Que faudra-t-il en effet pour toucher le cœur de nos contemporains ? Les discours ne suffisent pas. Il faut des gestes, des témoignages, des exemples d’hommes et de femmes qui vivent intensément la rencontre avec le Christ dans l’eucharistie, et dont le changement intérieur interpelle l’entourage, touche les cœurs, interroge les consciences.
Oui, chers amis, le corps livré, le sang versé du Christ, est et restera à jamais le signe, le sacrement de l’amour infini de Dieu pour l’humanité.
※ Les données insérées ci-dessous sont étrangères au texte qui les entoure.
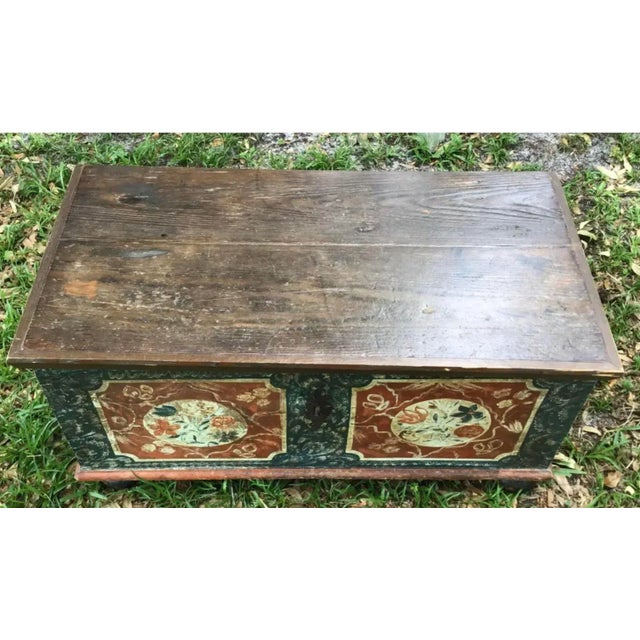 19th Century European painted trunk with original painted surface. There is exposed dovetail construction. Original iron...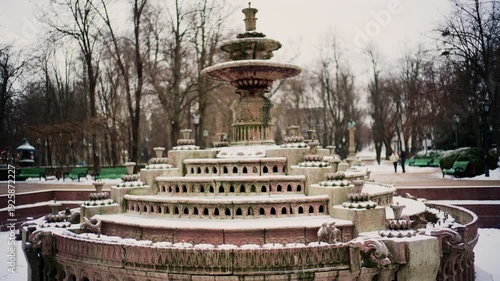 Wallpaper Mural Static shot of a decorative stone fountain covered in snow inside a public park Torontodigital.ca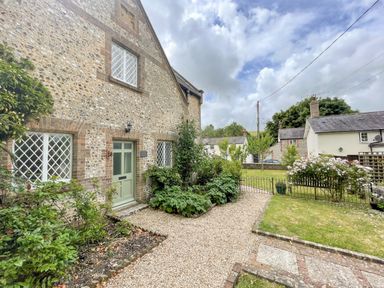 A stone house with a green door and windows with diamond panes surrounded by a garden and gravel path at The Old School House in Piddletrenthide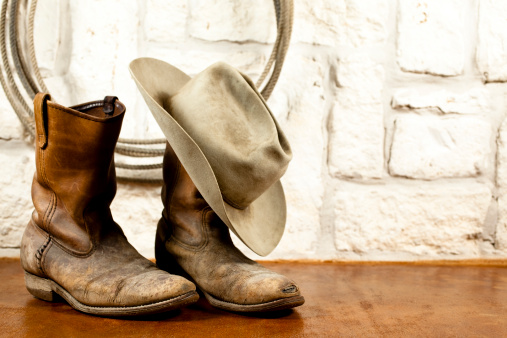 Botas de vaquero y sombrero. Arenisca fondo de Austin photo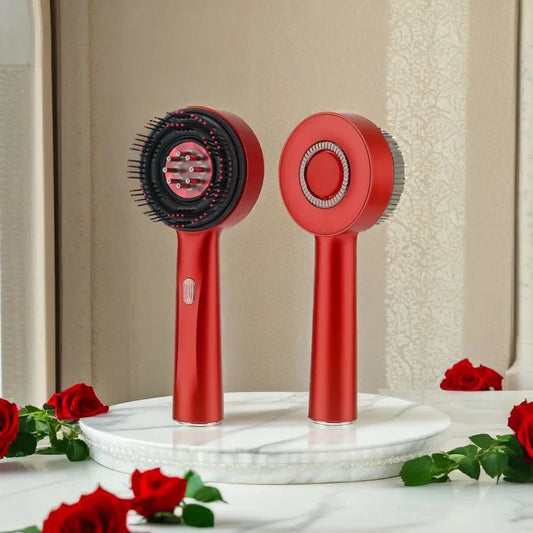 Two red hair styling tools on a marble stand with roses around, against a beige wall.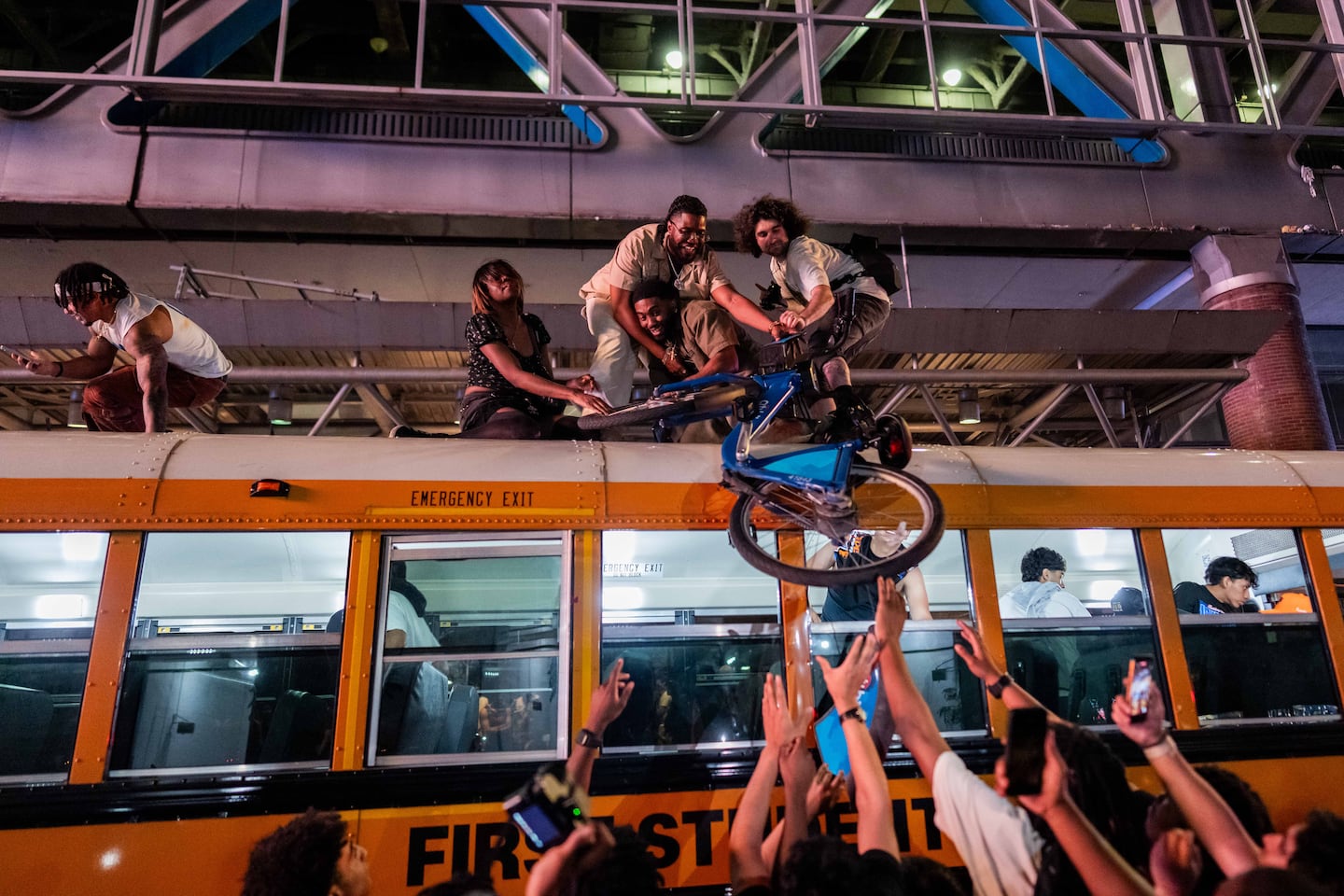 New York Knicks fans pull a citibike on top of a school bus as they celebrate after they win the NBA Finals in Times Square on June 14, 2026 in New York City. The New York Knicks lead the San Antonio Spurs 3-1 and could win the franchise's first NBA championship since 1973 if they win tonight.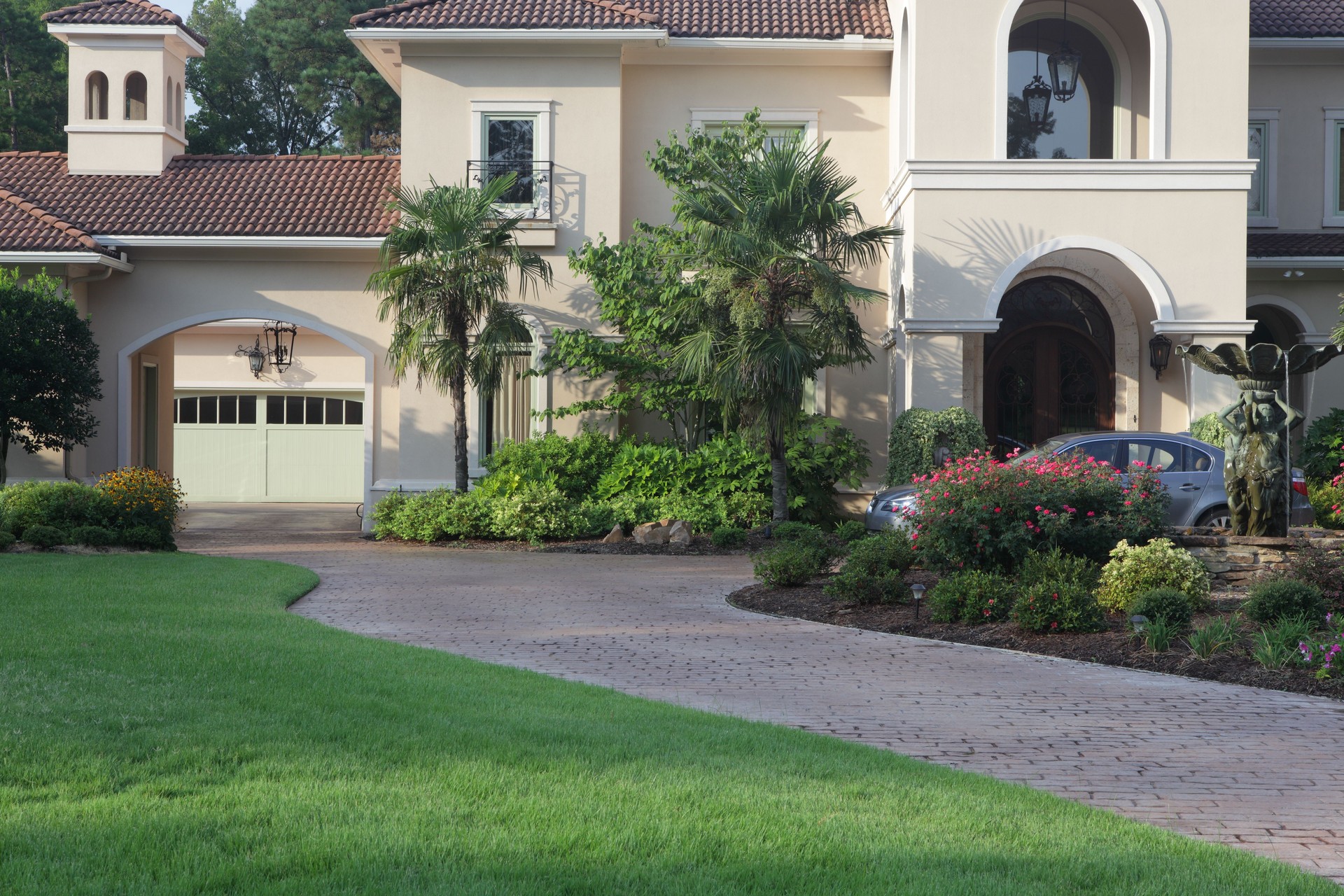 Front entrance and driveway of a luxury home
Il rejoint les plus simples, les plus humbles, les plus pauvres, mais il fait trébucher les plus endurcis, les orgueilleux, ceux qui pensent savoir et n’ont pas besoin de signe.
Nous allons approcher de ce saint sacrement dans quelques instants.
Nous dirons : Seigneur, je ne suis pas digne de te recevoir mais dis seulement une parole et je serai guéri. Quelle peut être cette parole que Jésus pourra nous dire :
celle qu’il a dite à Pierre après la résurrection : m’aimes-tu ?
Nous oserons lui dire, comme Pierre : Seigneur, tu sais bien que je t’aime.
Dans cette communion, laissons nous aimer par le Christ, lui qui nous a aimés jusqu’au bout. Que ses paroles accompagnent la démarche que nous ferons dans l’humilité :
« Aimez-vous les uns les autres, comme je vous ai aimés…
Aujourd’hui, je ne vous appelle plus serviteurs, je vous appelle mes amis !…
C’est à l’amour que vous aurez les uns pour les autres qu’on vous reconnaîtra pour mes disciples ».